Emmanuel Macron se rend ce vendredi aux Mureaux (Yvelines) pour présenter les grandes lignes d’un plan contre les « séparatismes », au premier rang desquels il place l’islamisme.

  • Attendu depuis deux ans, le chef de l’État doit présenter un plan contre les « séparatismes » ce vendredi matin aux Mureaux (Yvelines)
  • Si l’intitulé exact de ce plan n’est pas encore connu, l’Élysée a confirmé qu’il viserait, en premier lieu, à combattre l’islamisme.
  • Emmanuel Macron sait qu’il est attendu au tournant par la droite et l’extrême droite, qui ont prévu de faire de la sécurité l’un des thèmes de la campagne présidentielle de 2022.

C’est un centre de loisirs du Bas-Rhin où certains parents réclament des activités non-mixtes. Une librairie du Nord qui propose des ouvrages de prédicateurs interdits de France. Ou encore une école de Seine-Saint-Denis où les professeurs ne font que marteler des hadiths sans se soucier du programme. Emmanuel Macron se rend, ce vendredi matin, aux Mureaux (Yvelines) afin de présenter les grandes lignes d’un plan de lutte contre ce qu’il a appelé « les séparatismes ».

Si l’intitulé exact est encore relativement vague, l’heure n’est plus aux faux-semblants alors que ce plan est attendu depuis deux ans maintenant. « On a plusieurs formes de séparatismes. Mais le principal adversaire, c’est l’islamisme. Il n’y a pas d’ambiguïté », assume l’Élysée. Coincé entre la droite et l’extrême droite – qui l’accusent de « laxisme » et lui promettent un grand débat sur le sujet lors de la campagne présidentielle de 2022 – et un Jean-Luc Mélenchon qui l’exhorte à ne pas « ranimer la guerre de religion », Emmanuel Macron entend empêcher que « certains instrumentalisent [la foi] pour construire une société parallèle et imposer leurs règles dans certains territoires », toujours selon l’Élysée.



Le scolaire et le périscolaire pointés du doigt

L’épidémie de coronavirus l’avait reléguée au second plan des préoccupations.

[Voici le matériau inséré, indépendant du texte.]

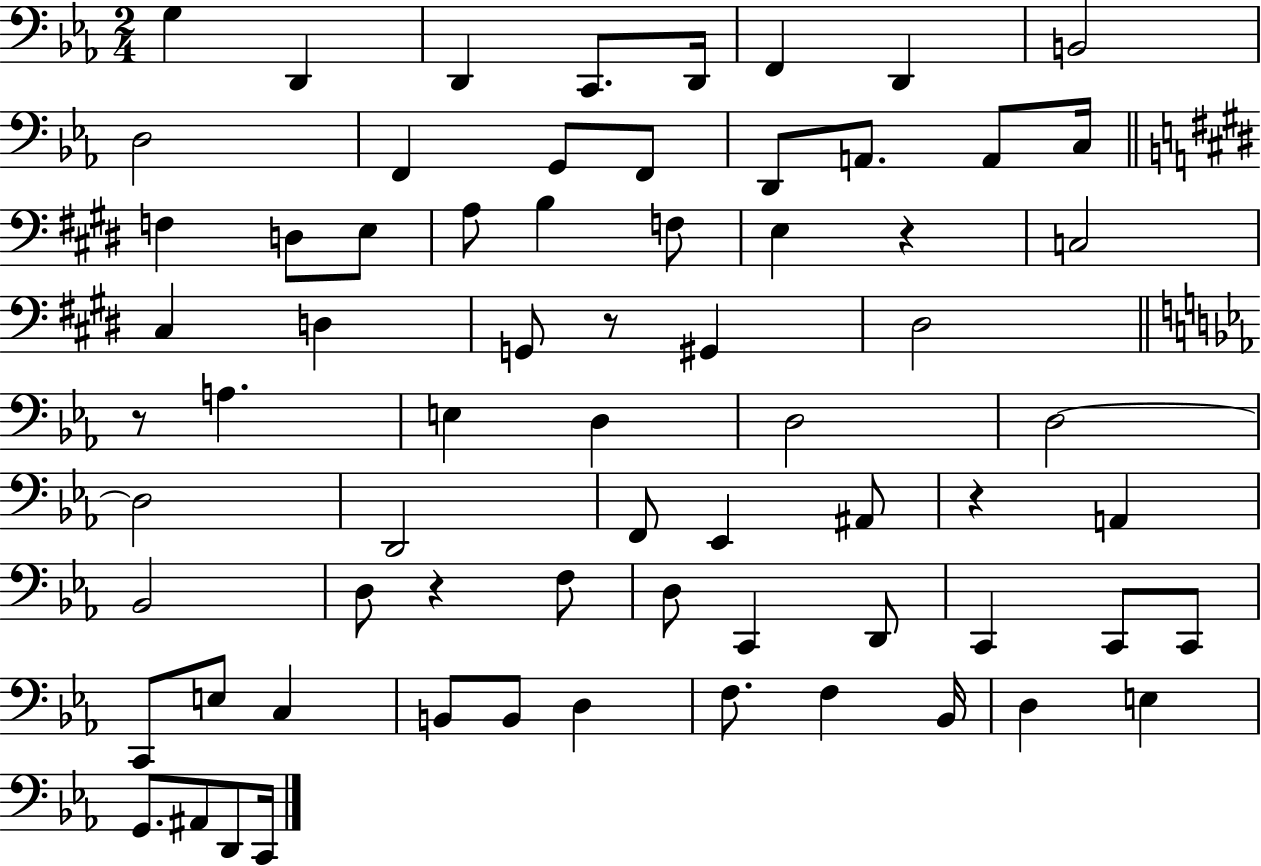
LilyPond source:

Mais la menace intégriste est toujours là, comme l’a rappelé l’attaque menée devant les anciens locaux de Charlie Hebdo il y a une semaine tout pile, rappelle-t-on dans l’entourage du chef de l’Etat.

Mais l’exécutif n’est pas vraiment prêt. Le projet de loi que le chef de l’État va présenter est encore en cours d’écriture et il ne sera pas « stabilisé » avant la mi-octobre. Il sera ensuite soumis aux représentants des différents cultes avant une présentation en Conseil des ministres début décembre. Le débat devant l’Assemblée nationale n’aura donc pas lieu avant… le premier semestre 2021.

Difficile de savoir, dès lors, ce que va précisément annoncer Emmanuel Macron. Mais la présence de Jean-Michel Blanquer, le ministre de l’Éducation nationale, à ses côtés aux Mureaux – et de cinq autres ministres d’ailleurs* – donne une indication. « Par le passé, l’islamisme grandissait dans les mosquées. Aujourd’hui, c’est dans le scolaire et le périscolaire », assure l’Élysée, qui évoque le chiffre de « quelques dizaines de milliers d’enfants » aujourd’hui scolarisés dans des écoles hors contrat.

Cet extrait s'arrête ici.